─── Given data ───

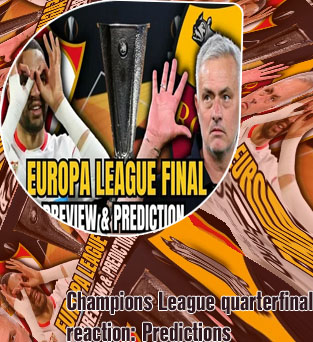 Today uefa predictions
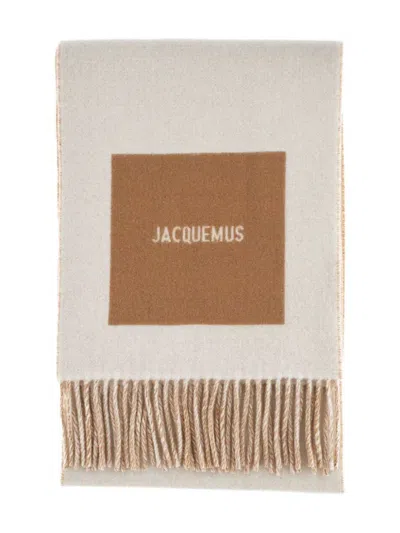 Jacquemus Scarfs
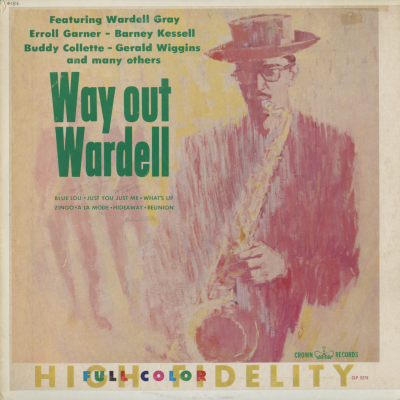 Way Out Wardell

───

● **Exercise**: An exact copy of the material is required, minus the pictures.

● **Solution below**:
 Today uefa predictions
 Jacquemus Scarfs
 Way Out Wardell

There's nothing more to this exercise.